Former C.I.A. Officer Pleads Guilty to Sexual Abuse Charges
A former C.I.A. officer who worked at the American Embassy in Mexico City pleaded guilty on Tuesday to drugging and sexually assaulting more than two dozen women over a period of 14 years, the Justice Department said.
Under an arrangement with prosecutors, the former officer, Brian Jeffrey Raymond of La Mesa, Calif., pleaded guilty in U.S. District Court in Washington to four of the 25 criminal charges that he had faced: one count each of sexual abuse, abusive sexual contact, coercion and enticement and transportation of obscene material.
In exchange for his plea, prosecutors agreed to drop the rest of the charges and recommend a sentence between 24 and 30 years with a lifetime supervised release. Sentencing is set for September 2024, prosecutors said.
Mr. Raymond’s crimes date as far back as 2006 and as recently as 2020 and took place in multiple countries where he had been working for the U.S. government, prosecutors said.
Mr. Raymond, 47, admitted to drugging and photographing or recording dozens of women while they were naked or partially naked at his government-provided housing in Mexico and in at least one other country, which was unnamed in court documents.
Three of the criminal counts that he had faced were for crimes that had occurred in the Washington, D.C., area, according to the indictment.
In total, Mr. Raymond abused 28 women over the 14-year period, prosecutors said.
“Many of the recordings show Raymond touching and manipulating the victim’s bodies while they were unconscious and incapable of consent,” the Justice Department said in a news release on Tuesday. “Raymond attempted to delete the explicit photographs and videos depicting the victims after learning about the criminal investigation.”
Mr. Raymond’s lawyer, Howard Bernard Katzoff, could not immediately be reached for comment on Tuesday evening.
In a statement on Tuesday, the C.I.A. said: “C.I.A. condemns in the strongest terms the crimes committed by former Agency officer Brian Jeffrey Raymond, who was arrested in 2020. As this case shows, we are committed to engaging with law enforcement to ensure that justice is served.”

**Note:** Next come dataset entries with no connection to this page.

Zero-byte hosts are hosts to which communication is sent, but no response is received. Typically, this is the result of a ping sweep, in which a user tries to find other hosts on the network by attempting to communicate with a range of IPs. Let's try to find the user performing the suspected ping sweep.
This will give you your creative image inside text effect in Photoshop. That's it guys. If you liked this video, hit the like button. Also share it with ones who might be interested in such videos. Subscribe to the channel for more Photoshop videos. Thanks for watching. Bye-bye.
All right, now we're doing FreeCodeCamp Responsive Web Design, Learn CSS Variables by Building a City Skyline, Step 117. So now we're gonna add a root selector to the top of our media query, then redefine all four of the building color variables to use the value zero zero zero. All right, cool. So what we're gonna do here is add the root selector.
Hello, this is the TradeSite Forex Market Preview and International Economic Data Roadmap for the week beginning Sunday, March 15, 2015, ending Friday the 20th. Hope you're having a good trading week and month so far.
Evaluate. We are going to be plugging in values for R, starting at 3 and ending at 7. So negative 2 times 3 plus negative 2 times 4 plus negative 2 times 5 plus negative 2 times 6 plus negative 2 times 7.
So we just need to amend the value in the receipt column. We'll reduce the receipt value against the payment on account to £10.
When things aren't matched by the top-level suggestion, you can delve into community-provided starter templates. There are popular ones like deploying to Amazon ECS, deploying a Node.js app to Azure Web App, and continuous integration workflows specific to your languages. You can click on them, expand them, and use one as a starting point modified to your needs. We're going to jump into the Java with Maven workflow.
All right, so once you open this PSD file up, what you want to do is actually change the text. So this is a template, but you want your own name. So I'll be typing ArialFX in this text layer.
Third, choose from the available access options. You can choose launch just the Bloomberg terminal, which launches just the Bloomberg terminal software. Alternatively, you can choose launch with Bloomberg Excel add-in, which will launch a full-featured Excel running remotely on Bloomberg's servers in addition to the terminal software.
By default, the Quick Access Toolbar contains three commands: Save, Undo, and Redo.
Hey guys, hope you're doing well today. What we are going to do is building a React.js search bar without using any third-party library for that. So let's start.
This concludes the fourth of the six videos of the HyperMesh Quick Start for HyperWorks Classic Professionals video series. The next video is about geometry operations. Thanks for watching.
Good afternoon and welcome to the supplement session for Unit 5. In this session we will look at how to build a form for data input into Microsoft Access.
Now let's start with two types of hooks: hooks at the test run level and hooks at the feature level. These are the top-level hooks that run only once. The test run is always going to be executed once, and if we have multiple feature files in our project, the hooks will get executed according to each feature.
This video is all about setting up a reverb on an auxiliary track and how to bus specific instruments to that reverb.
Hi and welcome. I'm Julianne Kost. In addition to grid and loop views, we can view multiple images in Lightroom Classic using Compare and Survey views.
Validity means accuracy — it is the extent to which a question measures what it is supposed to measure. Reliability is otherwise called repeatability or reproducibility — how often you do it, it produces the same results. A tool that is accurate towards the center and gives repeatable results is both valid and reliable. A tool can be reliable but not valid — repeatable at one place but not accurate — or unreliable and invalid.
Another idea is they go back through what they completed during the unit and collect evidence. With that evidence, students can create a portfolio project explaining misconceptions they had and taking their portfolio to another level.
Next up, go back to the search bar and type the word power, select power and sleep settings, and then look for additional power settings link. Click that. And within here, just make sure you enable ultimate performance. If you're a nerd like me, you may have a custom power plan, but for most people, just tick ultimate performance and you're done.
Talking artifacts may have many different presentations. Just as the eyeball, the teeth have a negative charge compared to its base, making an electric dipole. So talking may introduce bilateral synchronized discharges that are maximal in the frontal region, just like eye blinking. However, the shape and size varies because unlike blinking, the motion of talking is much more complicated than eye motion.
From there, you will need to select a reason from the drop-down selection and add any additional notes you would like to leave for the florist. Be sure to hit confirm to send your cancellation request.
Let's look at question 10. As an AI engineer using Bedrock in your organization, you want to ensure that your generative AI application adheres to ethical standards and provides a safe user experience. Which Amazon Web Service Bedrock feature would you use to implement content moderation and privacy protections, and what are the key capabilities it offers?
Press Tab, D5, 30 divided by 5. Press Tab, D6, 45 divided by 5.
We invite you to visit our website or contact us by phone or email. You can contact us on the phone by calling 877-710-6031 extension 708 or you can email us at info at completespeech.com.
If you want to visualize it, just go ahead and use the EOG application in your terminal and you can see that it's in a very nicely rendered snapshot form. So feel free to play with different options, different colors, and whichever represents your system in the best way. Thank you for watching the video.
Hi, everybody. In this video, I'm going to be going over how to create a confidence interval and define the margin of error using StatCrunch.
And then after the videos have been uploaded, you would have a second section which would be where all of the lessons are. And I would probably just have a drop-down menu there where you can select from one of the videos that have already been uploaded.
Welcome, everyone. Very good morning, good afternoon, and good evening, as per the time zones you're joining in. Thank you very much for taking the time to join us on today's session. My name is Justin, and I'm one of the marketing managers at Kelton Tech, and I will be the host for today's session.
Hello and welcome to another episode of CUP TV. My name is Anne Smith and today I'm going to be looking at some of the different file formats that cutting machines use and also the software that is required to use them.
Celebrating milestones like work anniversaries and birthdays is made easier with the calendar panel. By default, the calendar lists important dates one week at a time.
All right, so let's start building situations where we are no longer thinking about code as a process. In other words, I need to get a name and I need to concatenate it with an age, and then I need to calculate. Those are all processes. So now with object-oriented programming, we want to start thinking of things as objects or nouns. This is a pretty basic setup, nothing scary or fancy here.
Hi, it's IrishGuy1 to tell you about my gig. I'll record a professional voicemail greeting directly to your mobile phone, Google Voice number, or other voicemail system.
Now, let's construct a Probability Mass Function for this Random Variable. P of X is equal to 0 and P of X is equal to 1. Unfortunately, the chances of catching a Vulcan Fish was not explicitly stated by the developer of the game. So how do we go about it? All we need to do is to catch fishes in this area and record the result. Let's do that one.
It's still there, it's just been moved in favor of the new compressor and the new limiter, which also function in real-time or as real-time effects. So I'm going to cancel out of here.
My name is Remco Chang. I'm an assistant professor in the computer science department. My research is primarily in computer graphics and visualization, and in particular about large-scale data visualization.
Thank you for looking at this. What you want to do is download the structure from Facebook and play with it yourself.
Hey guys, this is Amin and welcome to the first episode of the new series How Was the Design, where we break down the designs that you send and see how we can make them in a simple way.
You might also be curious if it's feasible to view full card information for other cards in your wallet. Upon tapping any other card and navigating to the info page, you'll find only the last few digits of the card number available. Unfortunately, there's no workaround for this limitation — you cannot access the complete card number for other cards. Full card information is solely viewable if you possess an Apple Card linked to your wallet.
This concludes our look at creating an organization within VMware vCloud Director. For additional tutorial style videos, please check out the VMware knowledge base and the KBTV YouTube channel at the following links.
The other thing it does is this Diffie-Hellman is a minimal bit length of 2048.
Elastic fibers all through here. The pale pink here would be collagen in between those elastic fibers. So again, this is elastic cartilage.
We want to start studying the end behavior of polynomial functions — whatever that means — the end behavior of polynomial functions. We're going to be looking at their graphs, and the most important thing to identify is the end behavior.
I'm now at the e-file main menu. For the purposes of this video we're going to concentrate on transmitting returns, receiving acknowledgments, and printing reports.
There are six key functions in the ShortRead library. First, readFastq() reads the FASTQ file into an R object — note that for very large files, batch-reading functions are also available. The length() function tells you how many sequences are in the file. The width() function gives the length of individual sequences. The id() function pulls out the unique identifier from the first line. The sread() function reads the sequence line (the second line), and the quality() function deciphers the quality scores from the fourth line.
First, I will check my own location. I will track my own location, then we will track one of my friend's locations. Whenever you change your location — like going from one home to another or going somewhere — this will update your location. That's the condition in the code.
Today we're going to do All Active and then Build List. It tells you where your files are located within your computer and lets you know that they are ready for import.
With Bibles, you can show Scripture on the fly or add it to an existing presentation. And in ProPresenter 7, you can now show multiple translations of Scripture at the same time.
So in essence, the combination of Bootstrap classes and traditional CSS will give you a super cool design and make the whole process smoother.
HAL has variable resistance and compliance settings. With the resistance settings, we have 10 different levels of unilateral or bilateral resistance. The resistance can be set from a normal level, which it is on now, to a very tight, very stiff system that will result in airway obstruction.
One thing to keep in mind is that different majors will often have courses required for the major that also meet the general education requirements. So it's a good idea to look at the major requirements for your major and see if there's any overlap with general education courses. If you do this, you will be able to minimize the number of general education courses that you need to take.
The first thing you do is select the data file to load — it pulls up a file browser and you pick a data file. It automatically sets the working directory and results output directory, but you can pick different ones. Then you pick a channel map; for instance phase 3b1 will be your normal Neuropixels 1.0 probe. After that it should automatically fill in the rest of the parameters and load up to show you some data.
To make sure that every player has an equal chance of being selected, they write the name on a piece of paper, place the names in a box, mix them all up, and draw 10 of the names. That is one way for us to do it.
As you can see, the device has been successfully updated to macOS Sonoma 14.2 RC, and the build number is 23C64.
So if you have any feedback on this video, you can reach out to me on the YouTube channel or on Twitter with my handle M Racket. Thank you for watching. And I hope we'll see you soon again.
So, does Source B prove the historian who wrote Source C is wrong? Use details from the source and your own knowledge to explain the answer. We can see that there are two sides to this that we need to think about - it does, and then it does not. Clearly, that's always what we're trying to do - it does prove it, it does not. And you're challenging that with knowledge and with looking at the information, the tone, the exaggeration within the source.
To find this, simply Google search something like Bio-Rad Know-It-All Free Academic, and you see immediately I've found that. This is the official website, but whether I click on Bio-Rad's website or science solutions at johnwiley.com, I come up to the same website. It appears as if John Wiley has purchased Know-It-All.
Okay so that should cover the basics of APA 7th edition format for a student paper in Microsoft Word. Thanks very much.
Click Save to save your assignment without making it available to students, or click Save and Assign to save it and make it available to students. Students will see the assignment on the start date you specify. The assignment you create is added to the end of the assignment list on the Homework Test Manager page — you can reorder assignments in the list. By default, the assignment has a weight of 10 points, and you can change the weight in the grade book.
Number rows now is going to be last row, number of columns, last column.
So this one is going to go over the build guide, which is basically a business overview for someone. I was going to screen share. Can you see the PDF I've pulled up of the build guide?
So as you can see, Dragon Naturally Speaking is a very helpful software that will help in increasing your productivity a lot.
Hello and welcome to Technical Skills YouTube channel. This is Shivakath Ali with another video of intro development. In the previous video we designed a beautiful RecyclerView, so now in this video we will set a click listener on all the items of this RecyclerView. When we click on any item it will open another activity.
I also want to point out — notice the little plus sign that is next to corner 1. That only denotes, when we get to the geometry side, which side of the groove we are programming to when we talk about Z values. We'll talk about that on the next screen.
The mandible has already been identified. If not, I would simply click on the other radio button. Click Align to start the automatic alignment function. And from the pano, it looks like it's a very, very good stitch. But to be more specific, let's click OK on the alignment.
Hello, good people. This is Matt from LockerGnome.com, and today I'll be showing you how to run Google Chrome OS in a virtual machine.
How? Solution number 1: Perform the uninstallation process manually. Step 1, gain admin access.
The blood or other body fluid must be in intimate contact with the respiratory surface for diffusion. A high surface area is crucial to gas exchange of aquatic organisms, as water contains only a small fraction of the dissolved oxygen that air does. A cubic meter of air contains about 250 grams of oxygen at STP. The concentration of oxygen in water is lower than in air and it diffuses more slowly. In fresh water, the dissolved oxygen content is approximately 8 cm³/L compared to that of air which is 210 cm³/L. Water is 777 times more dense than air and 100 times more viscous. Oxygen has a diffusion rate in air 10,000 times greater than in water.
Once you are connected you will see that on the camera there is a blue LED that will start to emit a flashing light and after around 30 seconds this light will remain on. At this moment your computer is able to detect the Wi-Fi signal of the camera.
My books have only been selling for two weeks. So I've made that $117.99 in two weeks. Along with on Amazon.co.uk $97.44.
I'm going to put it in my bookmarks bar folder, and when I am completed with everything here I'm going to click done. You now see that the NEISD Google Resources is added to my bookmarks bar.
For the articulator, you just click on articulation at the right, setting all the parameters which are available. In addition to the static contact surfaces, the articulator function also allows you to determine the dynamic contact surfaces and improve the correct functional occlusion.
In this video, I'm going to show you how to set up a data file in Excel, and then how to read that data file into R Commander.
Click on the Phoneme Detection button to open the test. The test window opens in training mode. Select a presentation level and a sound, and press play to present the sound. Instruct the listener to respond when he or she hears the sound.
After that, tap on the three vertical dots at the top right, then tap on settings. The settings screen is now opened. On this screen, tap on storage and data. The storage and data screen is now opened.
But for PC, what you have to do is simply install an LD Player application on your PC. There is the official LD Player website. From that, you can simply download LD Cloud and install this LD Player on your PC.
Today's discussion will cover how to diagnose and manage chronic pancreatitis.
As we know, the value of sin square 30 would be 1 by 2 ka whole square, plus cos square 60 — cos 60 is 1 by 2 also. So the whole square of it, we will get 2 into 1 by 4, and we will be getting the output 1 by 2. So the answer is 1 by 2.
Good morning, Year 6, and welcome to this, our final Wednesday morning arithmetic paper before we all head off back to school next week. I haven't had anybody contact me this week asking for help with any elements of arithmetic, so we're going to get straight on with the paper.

The agency added that it had taken “significant steps” to combat sexual assault among its ranks, including the establishment of an office focused on “sexual assault and prevention.”
The U.S. Attorney’s Office for the District of Columbia declined to comment.
Mr. Raymond’s most recent assaults, according to prosecutors, happened in 2019 and 2020 in Mexico City, where he had been living while on assignment at the American Embassy.
He raped six different women in while in Mexico, with each assault following the same pattern, according to court documents.
Mr. Raymond met women through dating apps like Bumble and Tinder, spoke to them in Spanish and presented himself as a “high-level Embassy employee in whom the government had reposed special trust,” according to an agreed-upon statement of facts filed in court on Tuesday.
He drugged the women’s drinks and led them back to his embassy-leased apartment, where he would sexually assault and photograph them while they were unconscious, according to court records.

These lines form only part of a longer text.